In a post called “Confirmation Bias,” I discussed “Confirmation,” an HBO film about the 1991 hearings on Clarence Thomas’ nomination to the Supreme Court, and Anita Hill’s sexual harassment allegations against him. When I wrote the post two months ago, Senators John Danforth and Alan Simpson, two moderate Republicans who supported the Thomas nomination, had complained about the script they saw. Simpson called it a “seriously distorted” version of the actual confirmation hearings.

Now, with the movie having aired this weekend, Stuart Taylor, a prominent journalist who covered the hearings all those years ago, adds his voice to those who see “Confirmation” as a Hollywood hit job on Justice Thomas. Taylor says that “viewers of ‘Confirmation’ were deprived of several aspects of the story that might have made them. . .skeptical of Ms. Hill,” just as the majority of Americans who witnessed the actual hearings were.

Taylor provides plenty of examples. First:

The movie ignores Ms. Hill’s failure to mention either in her initial written statement to the Judiciary Committee or in her FBI interview some of the most shocking charges about Mr. Thomas’s behavior that she added in testimony three weeks later. Worse, when asked about these omissions, Ms. Hill claimed that the FBI agents had told her that she need not “discuss things that were too embarrassing.” Both agents flatly contradicted this.

(Emphasis added)


“Confirmation” also doesn’t mention that Ms. Hill denied—five times—in sworn testimony any recollection of being told by a Democratic staffer that she might be able to force Mr. Thomas to withdraw without being publicly identified. The movie thereby avoids needing to report that, after conferring with her lawyers, Ms. Hill admitted having been told this.
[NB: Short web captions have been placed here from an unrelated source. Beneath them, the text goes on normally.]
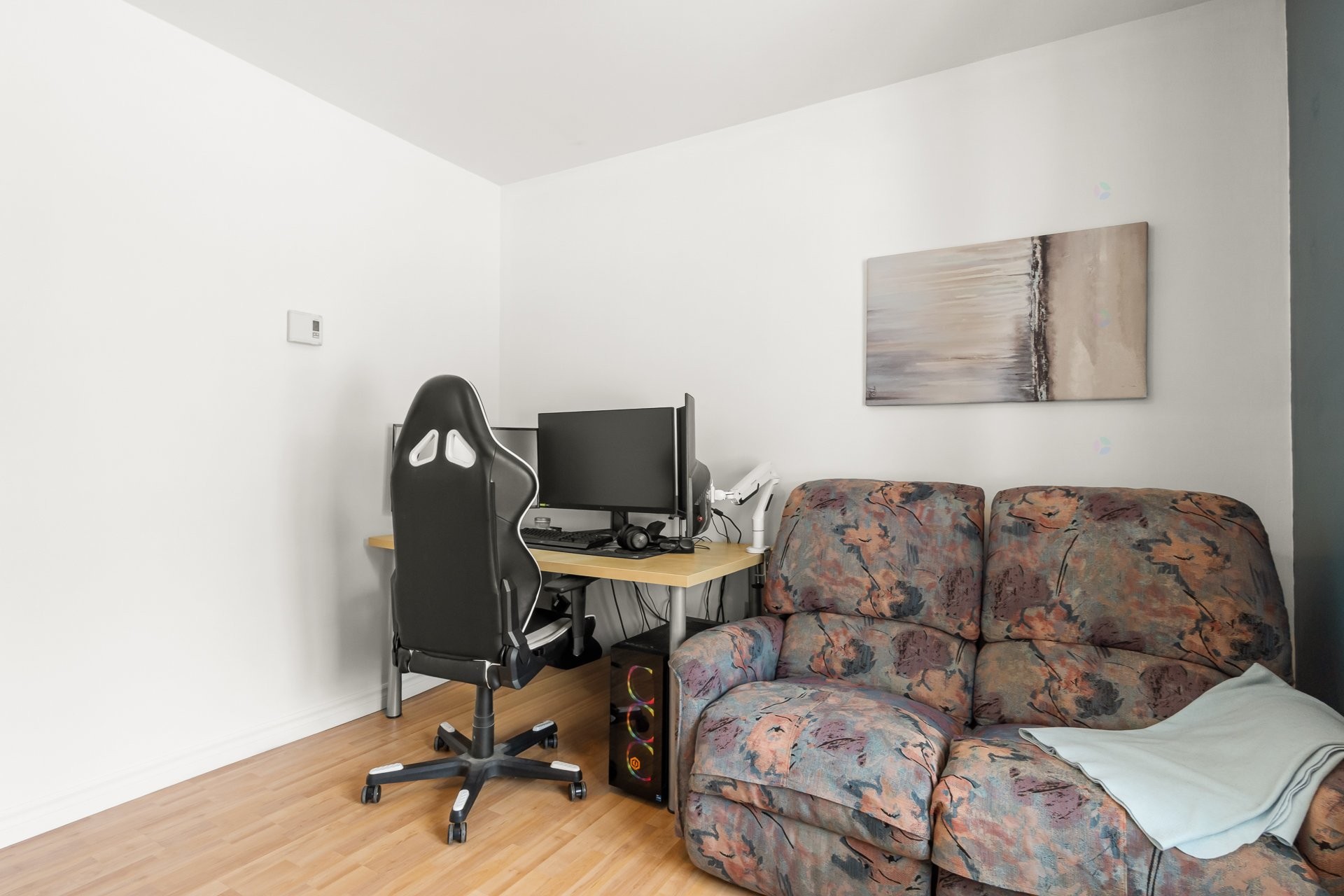 









820


Rue Jean-De Lauson

,
Trois-Rivières,




QC
G8V1G6

Viewers also weren’t told about Ms. Hill’s implausible claim that a fear of losing her job was a key reason she had followed Mr. Thomas—despite finding him repellent—when he moved from the Education Department to become chairman of the Equal Employment Opportunity Commission in 1982. Much evidence—including the fact that she enjoyed job protection as a career employee—suggests that Ms. Hill must have known her Education Department job was secure. . . .
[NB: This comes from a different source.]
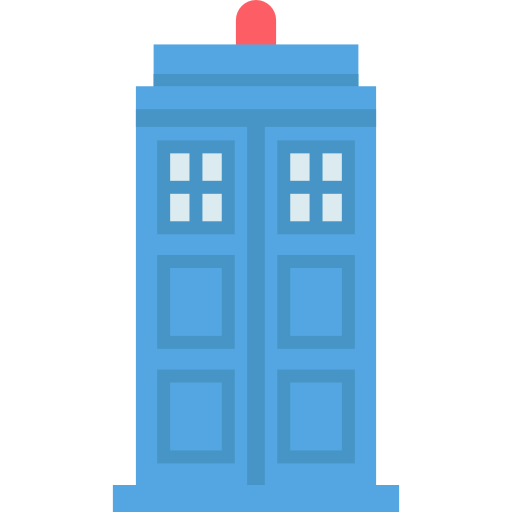 Callbox icon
The film takes at face value Ms. Hill’s shifting claims that the more than 11 phone calls she placed to Mr. Thomas in the six years after she left the EEOC were to return calls from him or on “professional” matters. It omits such contrary details as this Jan. 31, 1984, message from her for Mr. Thomas that a secretary had jotted down: “Just called to say hello. Sorry she didn’t get to see you last week.”


“Confirmation” also tries to erase the fact that nobody else has ever accused Mr. Thomas of sexual harassment or of talking as dirty as Ms. Hill said he did. The movie presents another former EEOC employee, Angela Wright, whom Mr. Thomas had fired, as a credible witness. . . .Thelma Duggin, a former colleague both of Mr. Thomas and Ms. Hill, told the FBI that Ms. Wright had vowed “to get him back” for firing her.


“Confirmation” does show a single former female colleague, and two males, as character witnesses praising Mr. Thomas. But the film doesn’t mention that almost a dozen other women gave similar, cumulatively powerful testimony. . .that Mr. Thomas treated women with respect, nurtured their careers and was proper to the point of prudishness at work.

Mark Paoletta, who as a lawyer in the George H.W. Bush administration worked to help confirm Thomas, has set up a website called “Confirmation Biased” which shows the considerable extent to which HBO’s docudrama is a work of fiction. “With imaginary scenes, fictional characters and a biased agenda, the film has become an unfair distortion of the truth,” says Paoletta.

What else could one expect of a Hollywood movie written and produced by donors to the Democratic party, and starring an actress who has appeared at the Democratic National Convention?

Paoletta tells us that the producer of “Confirmation,” Michael London who also produced a dishonest biopic of Hollywood communist Dalton Trumbo, says he “likes his movies to say “F*** you.'” As with “Trumbo,” in the case of London’s latest production, “you” means fairness and a decent regard for the truth.